Maliki, the incumbent Shiite premier, had alleged that he lost thousands of votes, but election commission officials told AFP that a 12-day manual count of ballots cast in Baghdad had shown no change from the original results. The recount leaves the secular Iraqiya bloc of Allawi, himself a former Shiite premier, in the lead, but Maliki is in pole position to retain the top job after having formed a post-election coalition of Shiite groups.
Maliki's new movement needed four extra seats to gain a parliamentary majority but electoral official Saad al-Rawi said there was "no change in the number of seats for any coalition in Baghdad, and in all of Iraq."
The conclusion of the Baghdad recount - Iraq's biggest province in which 68 seats were at stake - removes a major hurdle to the country forming its next government and paves the way to choosing its new leaders.
More than two months after the nation-wide poll, no group has yet assembled a parliamentary majority of 163 seats, with results that were initially expected a month ago delayed over accusations of tampering and fraud.
Rawi's and two other accounts of the Baghdad recount given to AFP were later officially confirmed at a press conference in the Iraqi capital.
Only 3,000 of around 2.5 million ballots - barely 0.1 percent - were allotted differently as a result of the recount, an electoral official said.
The unchanged results mean that Iraqiya remains in first place with 91 seats, followed closely by Maliki's State of Law alliance with 89. The Iraqi National Alliance (INA), led by Shiite religious groups, was third with 70.

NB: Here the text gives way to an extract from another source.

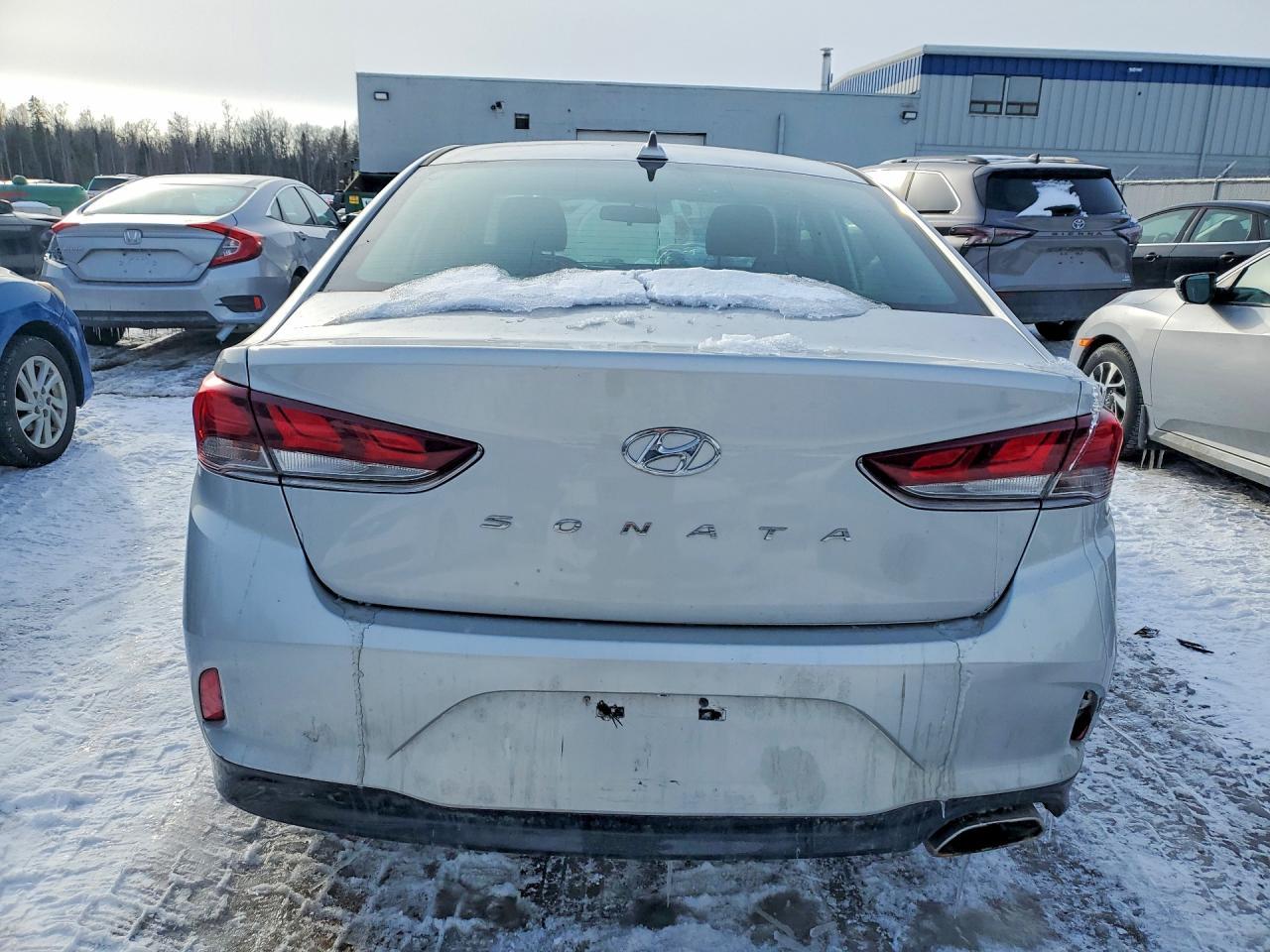 2019 Hyundai Sonata Se - Фото 6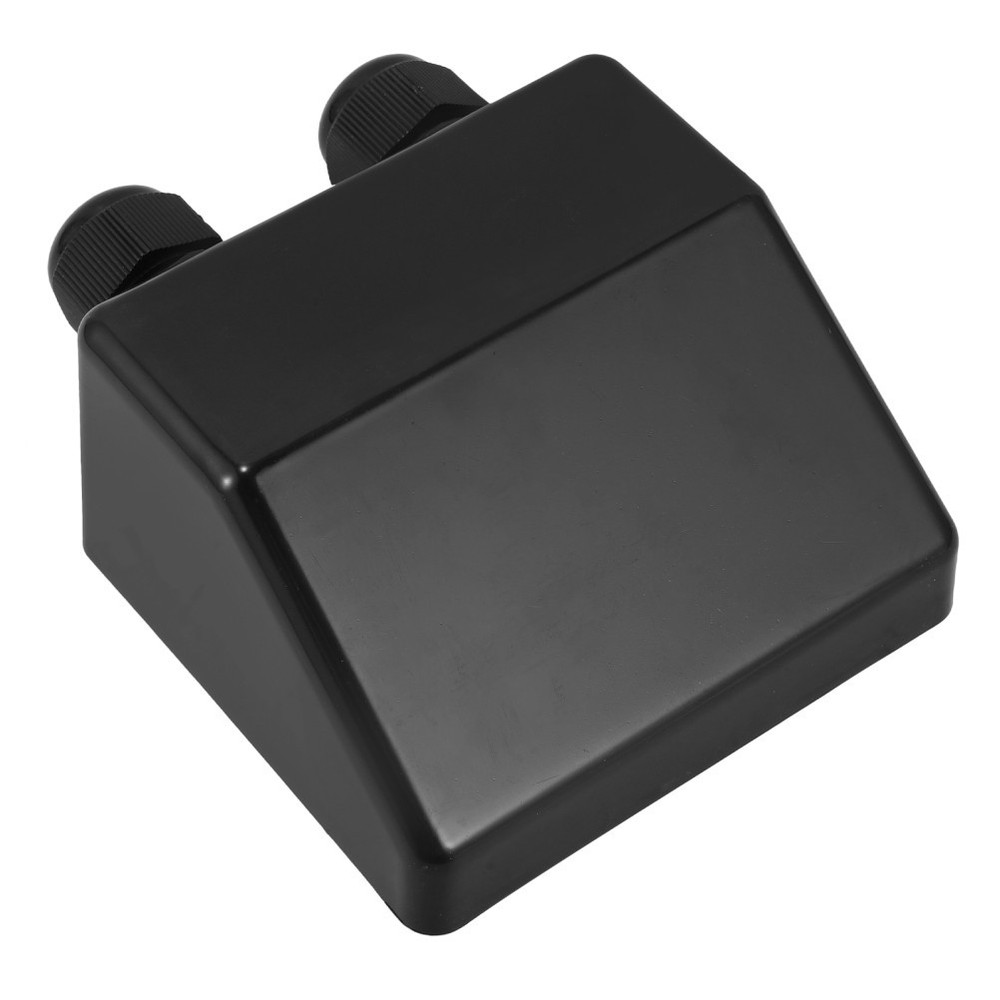Solar Car Cable Entry Box Double Solar-cable-entry-gland-housing Plastic Nut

Sunday's announcement of the results came a day after Maliki took a key step toward staying in power when top Shiite cleric Moqtada al-Sadr said he would not block the incumbent from keeping his job. A spokesman for Sadr, who is currently living in Iran, told AFP the movement would drop a veto against Maliki seeking a new term as long as he met its condition that Sadrist prisoners be freed.